Thursday, January 14, 2016

Power analysis for default Bayesian t-tests

One important benefit of Bayesian statistics is that you can provide relative support for the null hypothesis. When the null hypothesis is true, p-values will forever randomly wander between 0 and 1, but a Bayes factor has consistency (Rouder, Speckman, Sun, Morey, & Iverson, 2009), which means that as the sample size increases, the Bayes Factor will tell you which of two hypotheses has received more support.

Bayes Factors can express relative evidence for the null hypothesis (H0) compared to the alternative hypothesis (H1), referred to as a BF01, or relative evidence for H1 compared to H0 (a BF10). A BF01 > 3 is sometimes referred to as substantial evidence for H0 (see Wagenmakers, Wetzels, Borsboom, & Van Der Maas, 2011), but what they really mean is substantial evidence for H0 compared to H1.



Table 1 from Wagenmakers et al., 2011, #fixedthatforyou

Since a Bayes Factor provides relative support for one over another hypothesis, the choice for an alternative hypothesis is important. In Neyman-Pearson Frequentist approaches, researchers have to specify the alternative hypothesis to be able to calculate the power of their test. For example, let’s assume a researcher no idea what to expect, and decided to use the average effect size in psychology of d = 0.43 as the expected effect when the alternative hypothesis is true. It then becomes easy to calculate that you need 115 participants in each group of your experiment, if you plan to perform a two-sided independent t-test with an alpha of 0.05, and you want to have 90% power.

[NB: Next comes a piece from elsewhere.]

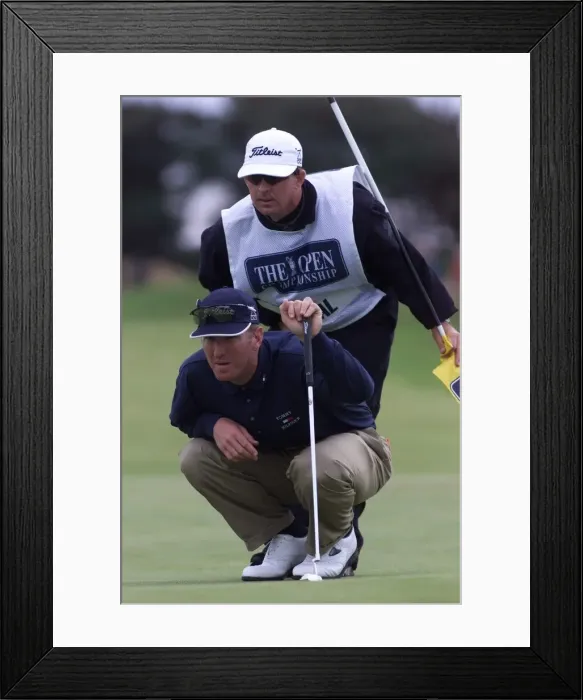 Framed Print : David Duval lines up a putt with his caddie July 1999 on the 11th green during Framed Print : David Duval lines up a putt with his caddie July 1999 on the 11th green during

When calculating the Bayes Factor, the alternative is specified through the r-scale. This is a scale for the Cauchy prior, which is chosen in such a way that the researcher expects there is a 50% chance of observing an absolute effect larger than the scale value chosen. As Rouder and colleagues say: “A well-known and attractive alternative to placing priors on the mean µ is to place them on effect size, where effect size is denoted by δ and given as δ = µ/σ. Thus, the researcher above would choose an r-scale of 0.43.

The default Bayesian t-test originally used a r-scale of 1 (a very large effect), but the updated default test uses a r-scale of 0.707. This means that whenever you perform a study where you calculate the default Bayes Factor, and find a BF10 < 1/3, you have observed support for the null-hypothesis, relative to an alternative hypothesis of an effect of d = 0.707.

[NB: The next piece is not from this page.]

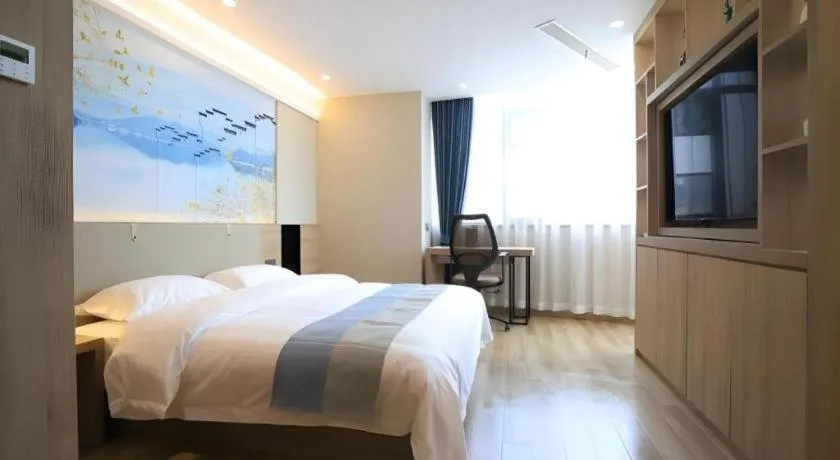 Bed in VX Hotel Jiangsu Taizhou Xinghua RT-Mart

Let’s assume the default Bayesian t-test answers a question you are interested in, and you want to know whether your data is stronger support for a d = 0 compared to a d = 0.707. You know that to have 90% power to observe a d = 0.707 in an independent t-test, you need 44 participants in each condition, and you have heard people recommend to use at least 50 participants in each condition, so you set out to collect 50 participants in each condition. You are also completely fine with a null-result: You have submitted your study to a journal that accepts pre-registered reports, and the reviewers there agreed the data will be interesting whether they support the null hypothesis or the alternative hypothesis. What is the probability you will observe support for H0 relative to H1 (see this paper by Felix Schonbrodt and colleagues for similar Frequentist calculations of Bayes Factors)?

There are no Bayesian power calculators (yet, as far as I know). Bayes Factors express the relative evidence in your data, and you don’t need a threshold to interpret a Bayes Factor. In principle, any BF10 < 1 provides stronger support for the null hypothesis than for the alternative hypothesis. But no one will be convinced if you argue for the null hypothesis based on a BF10 = 0.98, and it’s practical to have some sort of agreed upon threshold where we all agree data can be interpreted as ‘support’ – hence tables with Bayes Factor thresholds as the one reported in Wagenmakers et al, 2011 (see above). So what are the chances of actually observing relative support for the null hypothesis, compare to an alternative hypothesis of d = 0.707, with 50 participants in each condition, when you want a BF10 < 1/3?

Using the R code below, you can easily calculate this probability yourself. It also provides the probability of finding support for the alternative hypothesis. This means you can run the simulations twice, once setting the true effect size to 0, once setting the true effect size to 0.707, and see whether your sample size is large enough to get what you want from the data you plan to collect.Note you need quite some simulations to be accurate, and this takes minutes)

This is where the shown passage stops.